Compact number formats
Compact decimal and currency formats are now allowed for values up to 10000000000000000000 (and these are used in locale data for ja).
Unit Identifiers. The metric measurement unit ID from 'metric-ton' to 'tonne'. The old ID is still valid, but deprecated and aliased to the new unit ID. So as long as an implementation handles aliases, there should be no migration issues.

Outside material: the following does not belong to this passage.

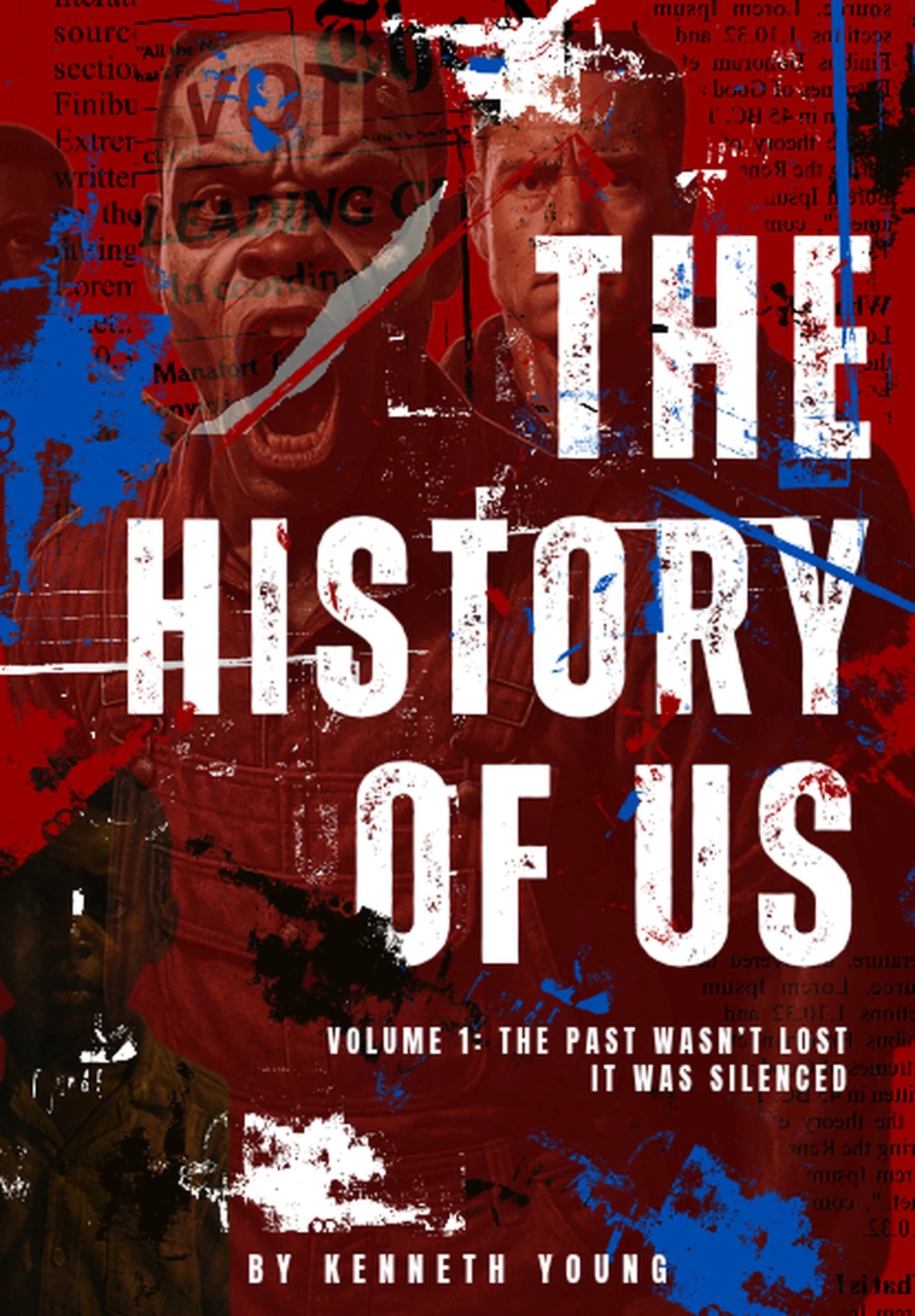 THOU: The History of Us, Volume 1 book cover, reading The past wasn't lost, it was silenced, by Kenneth Young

Subdivisions. Other than three subdivisions of GB, country subdivisions will be marked as 'provisional'. This provides a better indication of their status.
Coverage
The CLDR-TC plans to combine the 'seed' directory into the 'common' directory in the future (CLDR-6396). To prepare for this, your application should make use of the common/properties/coverageLevels.txt file in order to determine the completeness of a locale, rather than whether a locale file is in 'common' or 'seed'.
Currencies
Croatia changes to use Euro starting in January 2023.
Keyboards
The Keyboard-SC is working on a major revamp of the Keyboard specification, planned for release in late 2022. “Keyboard 3.0” has a very different goal than the original format, and therefore existing keyboard files are not expected to interoperate with new implementations. For this reason, an entirely new DTD will be created. See CLDR-15034 for the latest status or to give feedback.
Known Issues
In the cldr-staging files with github tag “release-42”, the DTD Deltas chart for CLDR 42 is missing the changes for v42. The online versions have been updated and include the changes for v42. [CLDR-16097]
Upcoming changes
Display name for region TR
In CLDR, the English standard display name for region TR is “Turkey”, with alt="variant" form “Türkiye”. In an upcoming version (possibly as early as CLDR 43), these will switch, so the standard form will become “Türkiye”.
Acknowledgments
Many people have made significant contributions to CLDR and LDML; see the Acknowledgments page for a full listing.
The Unicode Terms of Use apply to CLDR data; in particular, see Exhibit 1.